(Crawled caption data)
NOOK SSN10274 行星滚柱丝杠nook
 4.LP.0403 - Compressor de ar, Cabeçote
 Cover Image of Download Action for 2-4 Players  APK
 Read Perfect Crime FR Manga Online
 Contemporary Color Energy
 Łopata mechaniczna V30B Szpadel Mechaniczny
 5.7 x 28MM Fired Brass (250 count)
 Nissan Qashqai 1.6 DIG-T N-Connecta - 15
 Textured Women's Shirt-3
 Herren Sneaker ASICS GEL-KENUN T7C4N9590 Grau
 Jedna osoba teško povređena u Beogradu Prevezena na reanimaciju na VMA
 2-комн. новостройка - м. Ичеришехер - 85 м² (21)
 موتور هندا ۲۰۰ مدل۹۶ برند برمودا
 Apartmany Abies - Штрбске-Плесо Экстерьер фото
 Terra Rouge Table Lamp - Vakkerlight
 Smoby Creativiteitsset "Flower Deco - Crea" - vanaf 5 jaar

■ YOUR GOAL ■
Line by line, print the records above exactly as they stand.

■ YOUR RESPONSE ■
NOOK SSN10274 行星滚柱丝杠nook
 4.LP.0403 - Compressor de ar, Cabeçote
 Cover Image of Download Action for 2-4 Players  APK
 Read Perfect Crime FR Manga Online
 Contemporary Color Energy
 Łopata mechaniczna V30B Szpadel Mechaniczny
 5.7 x 28MM Fired Brass (250 count)
 Nissan Qashqai 1.6 DIG-T N-Connecta - 15
 Textured Women's Shirt-3
 Herren Sneaker ASICS GEL-KENUN T7C4N9590 Grau
 Jedna osoba teško povređena u Beogradu Prevezena na reanimaciju na VMA
 2-комн. новостройка - м. Ичеришехер - 85 м² (21)
 موتور هندا ۲۰۰ مدل۹۶ برند برمودا
 Apartmany Abies - Штрбске-Плесо Экстерьер фото
 Terra Rouge Table Lamp - Vakkerlight
 Smoby Creativiteitsset "Flower Deco - Crea" - vanaf 5 jaar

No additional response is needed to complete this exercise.